This week has been full of nature study….the informal kind that happens as we go about our everyday life. My boys are a big part of the experience and they discover things in our world that I miss. Their eyes seem to be open to so much around them, while my head is full of schedules and tasks that need to be done. I really must make a conscious effort to clear my head more when we are outdoors.
First of all, before I get into the pines and cones, I have to share a rare visitor to our backyard. This Northern flicker was up on the tree and Mr. A spotted it and brought it to my attention. Not the first time we have ever had a flicker in the yard but it has been a long time since we observed this interesting bird. They eat bugs and insects from the grass below the tree but they are considered woodpeckers. They also have a red flash on their wings when they fly.
Our focus on cones and needles this week was highlighted by two events.
The first happened last week when we had a huge windstorm with lots of gusts. The wind brought down small branches and cones on the trail where we walk and we were able to get a good look at both. These are not from a pine but a fir tree, Douglas fir. I love what it says in our field guide about the Douglas fir cone. It says, “mouse tail bracts grow between scales”. Sure enough…there they are.
The second event was a walk on our walking trail where we were trying to notice something interesting about pines. Here is a spot on the trail where there are two different pines growing side by side.
Notice the two different colors of needles.
They both have bundles of three and are about the same length. We are pretty sure after much study of our field guides and online sources that one is a Gray pine and the other is a Ponderosa pine.
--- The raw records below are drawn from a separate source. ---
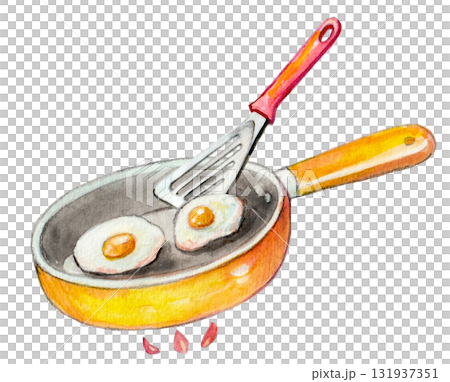 水彩で描いた目玉焼き 131937351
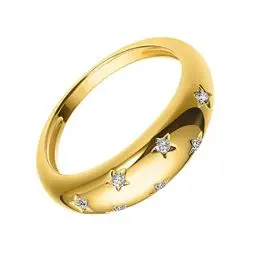 Produktbild: COSMEVIVI 1stk Stern-zirkonia-ring Vergoldete Ringe Frauenringe Damenringe Versprechen Ringe Dekorativer Fingerring Sternring Edelsteinringe Für Frauen Fingerschmuck Cz-ring Golden Kupfer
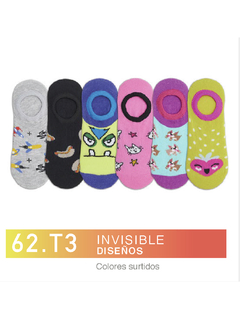 FL62T3-PACK X12 unidades (DOCENA), Invisible Diseños Colores Surtidos Talle 3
We are going to take our field guide back with us later today and see if we can nail the identification down positively.
What a great week we have had looking for cones and pines! I know that many of you are experiencing cold snowy weather but here in our woods we are enjoying abundant sunshine and no precipitation.
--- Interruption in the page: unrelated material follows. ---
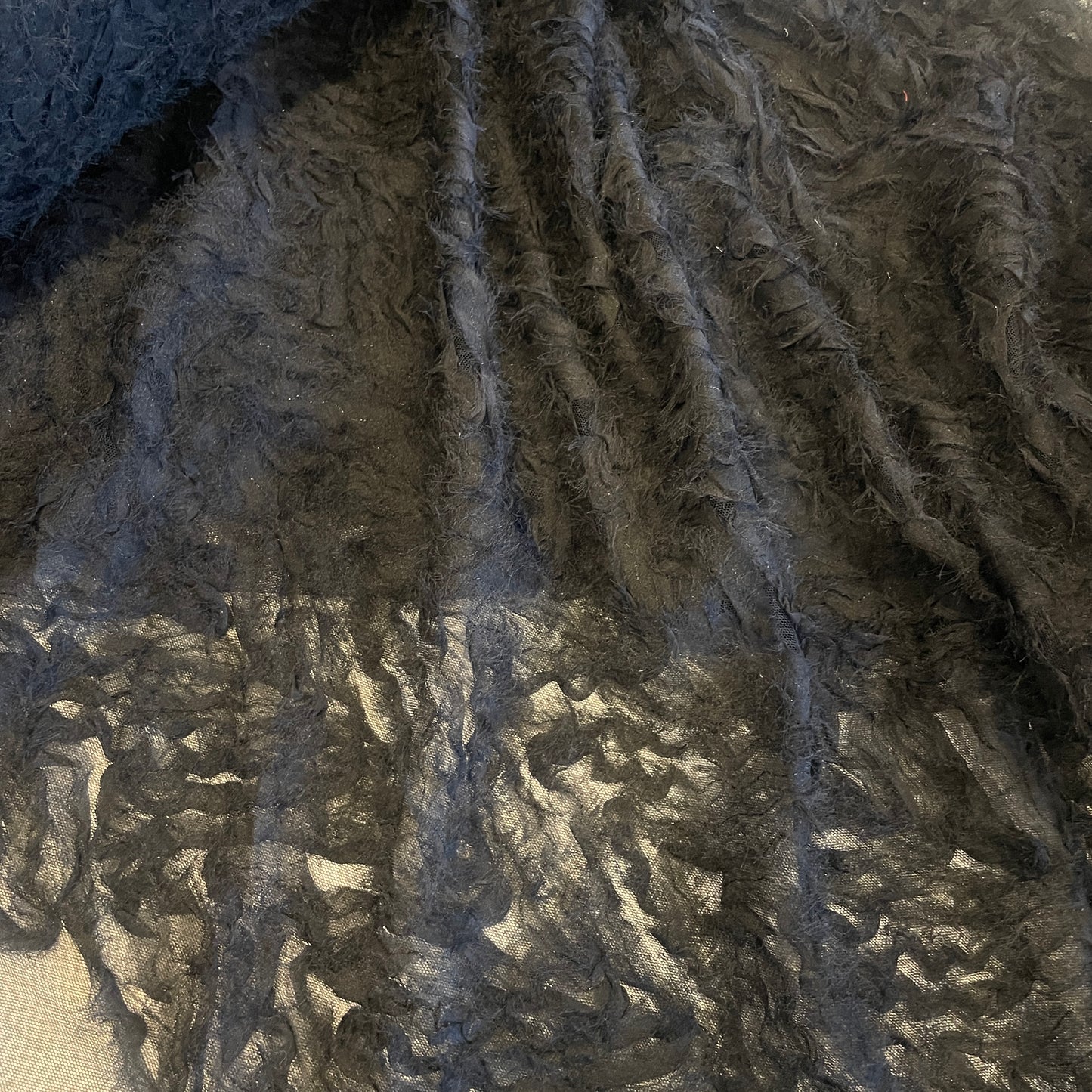 Black stitched georgette tulle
Guess what I spotted yesterday in my garden? The first daffodil of the year is starting to bloom! Crazy, crazy weather for us too!
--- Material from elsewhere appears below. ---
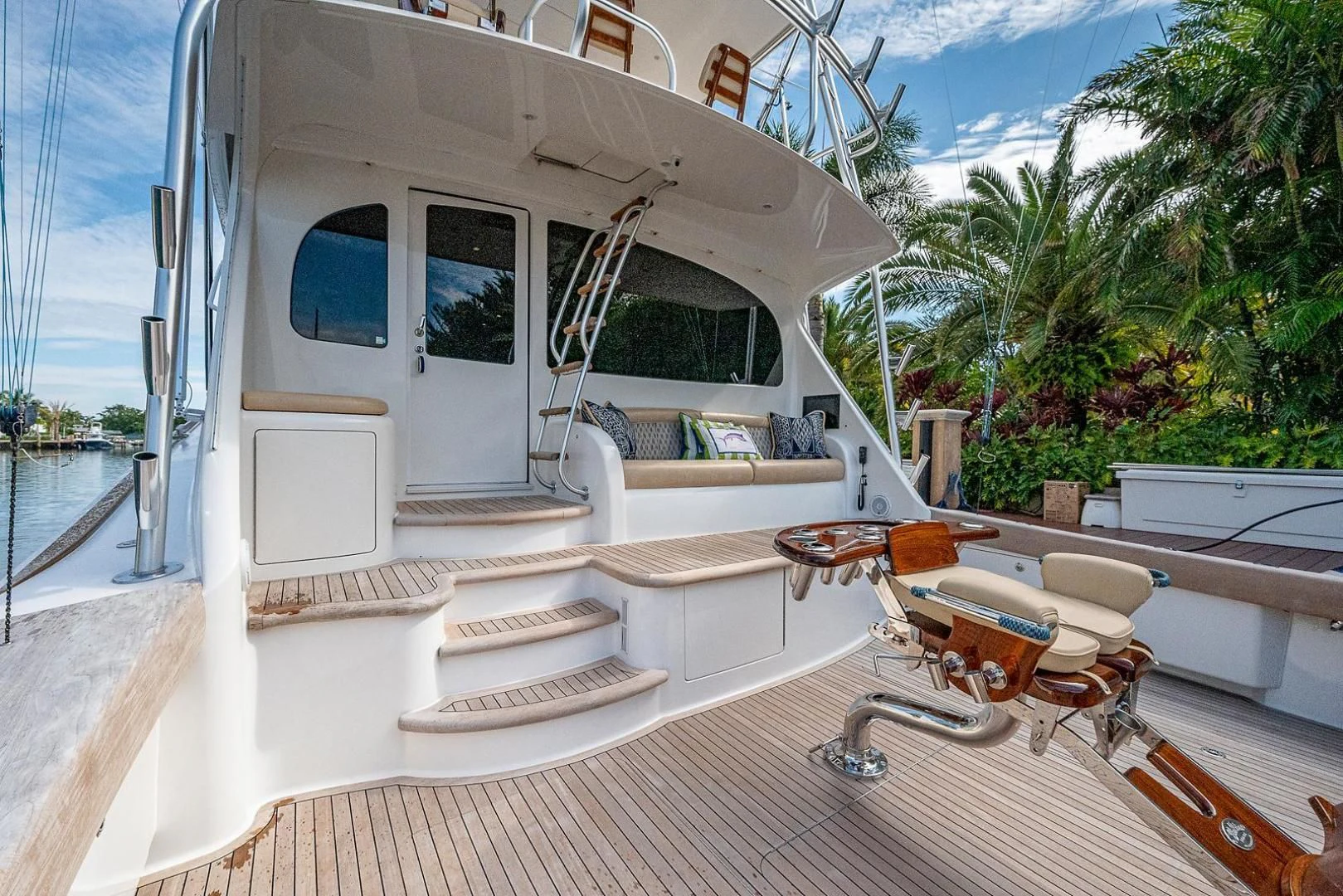 a house with a deck and a pool aboard LIFE IS GOOD Yacht for Sale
5 thoughts on “Pines, Evergreens, Cones, and Needles”
Wow! A daffodil! We might see one of those around here in APRIL! LOL Great Northern Flicker!
Looks like a delightful walk. How exciting to see the Northern Flicker!
Seeing the burst of color from your daffodil gives me hope that spring is around the corner. It’s sometimes hard to remember it’s only a couple of months until we see some early spring flowers here.
We have been busy trying to identify birds for the Backyard Bird Count. I am not very familiar with many birds, so I was excited to id a female lesser goldfinch and a tufted titmouse.
Anyway, I was commenting to tell you about our best pinecone study. We placed one in a warm oven and one in a bucket of cold water. Pinecones open to drop seeds in favorable weather, so the pinecone in the oven will open VERY wide. The other will close up super tight. We are learning about evergreens in our CM poetry in the park group http://notyouraveragehomeschoolmom.blogspot.com/2011/01/poetry-in-park.html . Next week we study the cedar tree. Thanks for the blog. We love it!
the first smile of spring, daffadils!!! Now I am reading all the other comments… we must all be starved for color!
I can’t believe you have a daffodil blooming! Lucky you!